Castagne e nocciole, due frutti che trovano applicazione sia in cucina che pasticceria, si prestano a molteplici sistemi di cottura e abbinamenti a strumenti innovativi. Le castagne nella stragrande maggioranza dei casi vengono usate nel periodo invernale cotte ai carboni, ma ci sono delle preparazioni in gastronomia dove serve avere il frutto intero della castagna cotto, non secco e che conservi aromi e profumi originari. Ognuno di noi si affida alle esperienze fatte lungo il percorso professionale, ma esiste uno strumento che si avvicina più di altri a queste caratteristiche: stiamo alludendo al forno a microonde, strumento che per certe preparazioni riesce a dare risultati difficilmente riscontrabili con altri metodi. Per ottenere la polpa di castagne, dopo averle incise sulla buccia, versarle in un recipiente idoneo al forno a microonde, aggiungere ½ bicchiere di acqua e coprire, passare in forno per 5 minuti per ogni kg di castagne ipotizzando di usare un forno di circa 2000 Watt di potenza resa.

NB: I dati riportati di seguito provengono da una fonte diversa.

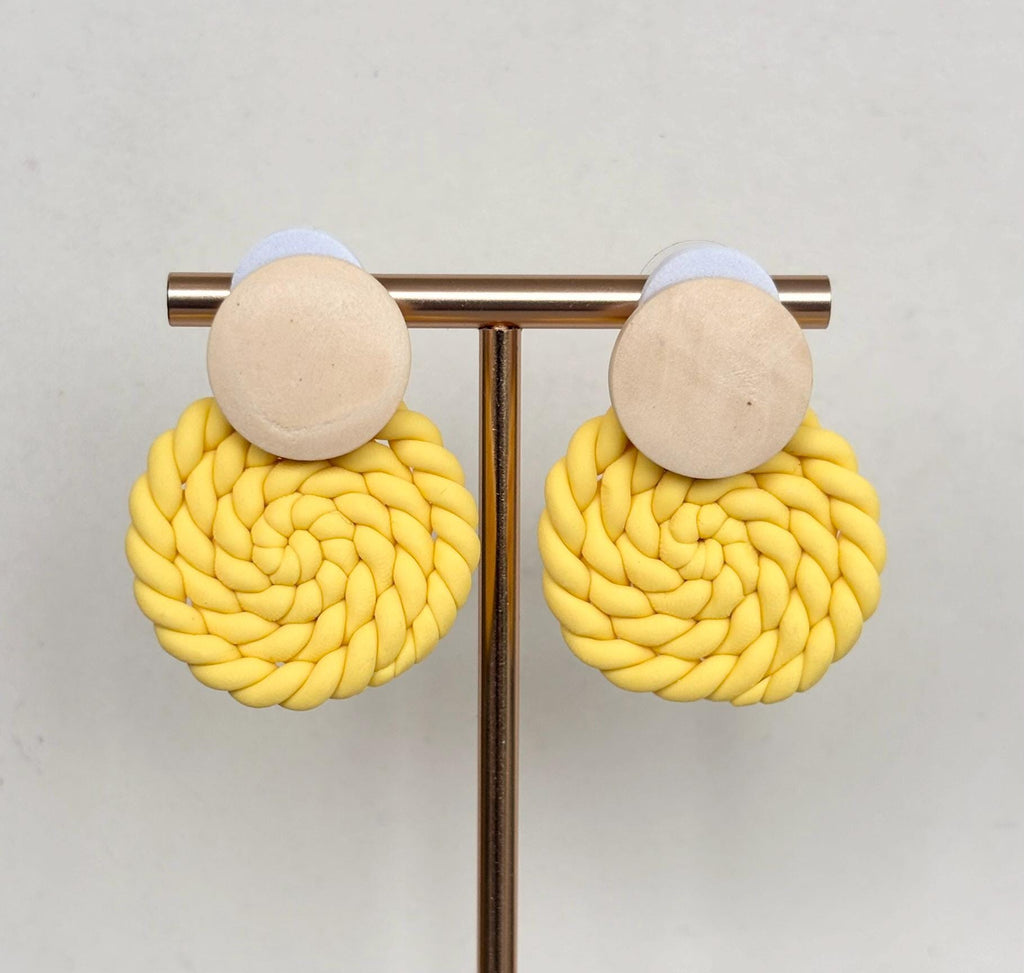 Natural Wood and Yellow Rope Drop Earrings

Otterrete che la buccia si stacca dalla polpa, il frutto conserva sapore, umidità e caratteristiche integre. Il suo uso può essere intero da aggiungere a ripieni o spezzettato grossolanamente per farcia. Da qui se si vuole ottenere la farina di castagne, una volta sgusciate, ripassarle in forno stavolta però senza coprirle fino a far evaporare tutta l’umidità e quindi renderle secche. Passarle successivamente al cutter al momento che serve la farina di castagne. Per apprezzarne la differenza compararle ad una tradizionale farina che si trova in commercio. Nel periodo natalizio non perdete l’occasione di cuocerle in contenitore chiuso ma non sigillato versando all’interno un bicchiere di vino rosso e un chiodo di garofano. Su cinque minuti di cottura 4 in modo coperto e l’ultimo minuto scoperto, in modo da favorire l’espulsione del vapore in eccesso.

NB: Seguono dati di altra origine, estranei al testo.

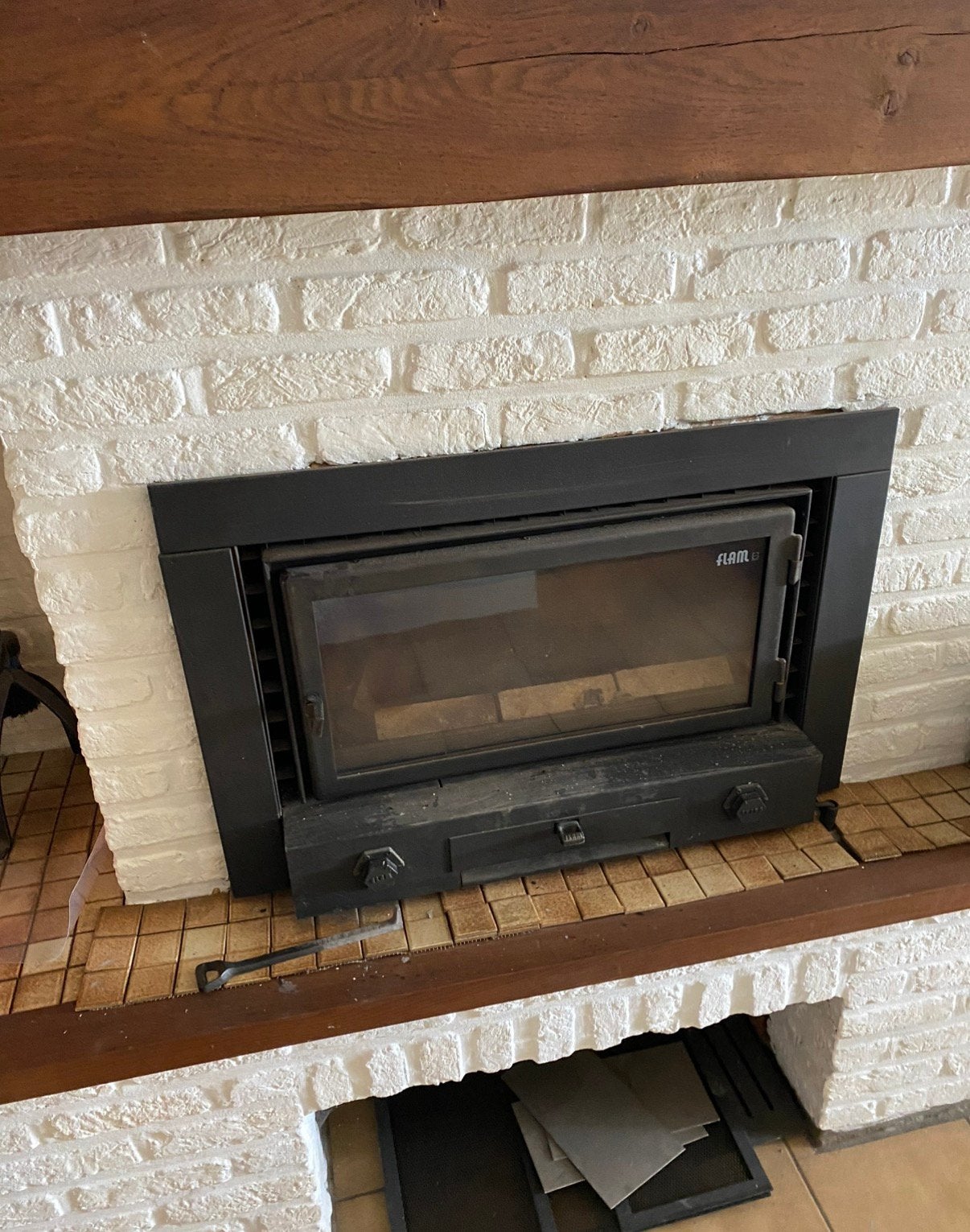 Insert de cheminée FLAM à bois, Enlèvement, Utilisé, Encastré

La nocciola, frutto oleoso dalle caratteristiche molto apprezzate soprattutto se della tipica zona del Piemonte, trova largo impiego in gelateria e pasticceria. Il suo uso è nella maggior parte dei casi in granella o farina. Nell’uso con il microonde il primo passaggio è quello di tostarla senza far fuoriuscire l’olio: disporre su carta da forno in teglia di policarbonato e passare un kg di nocciole in forno a metà potenza ipotizzando sempre circa 2000 watt per 8 minuti. L’evaporazione leggera della parte umida ridà croccantezza ed esalta l’aroma. Per la granella è più d’effetto poco tempo a potenza massima, è comunque buona norma effettuare la tostatura quando si pensa di utilizzarle nell’arco di 2-3 giorni.
Cialda dolce con farina di castagne: Versare in cutter o Pacojet – 100 g burro, 100 g albume, 50 g zucchero a velo, 80 g farina, 50 g farina castagne. Si ottiene un impasto da usare per le lingue di gatto oppure, con appositi stampi, si possono ottenere le varie forme. La tempistica in forno a microonde è di 3 minuti se usate il 1800 watt gastronorm, ridurre in proporzione man mano che aumenta la potenza resa.

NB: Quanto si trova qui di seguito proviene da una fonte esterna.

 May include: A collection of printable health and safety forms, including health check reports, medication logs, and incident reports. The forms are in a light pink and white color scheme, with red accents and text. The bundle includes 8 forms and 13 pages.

Cialda croccante alle nocciole: in un contenitore di vetro resistente al calore versare 150 g di acqua, 500 g zucchero e passare in forno controllando di tanto in tanto con termometro al laser fino a raggiungere 160°, versarvi dentro 400 g granella di nocciola ben setacciata della sua farina che si forma durante la macinatura (questa renderebbe opaco l’impasto) mescolare, ripassare in forno per 1 minuto e versare su carta forno o tappeto in silicone, allargarla con l’aiuto di una spatola velocemente prima che si raffreddi, se di spessore alto è un ottimo croccante, se basso viene usato come scaglie di guarnizione per dessert.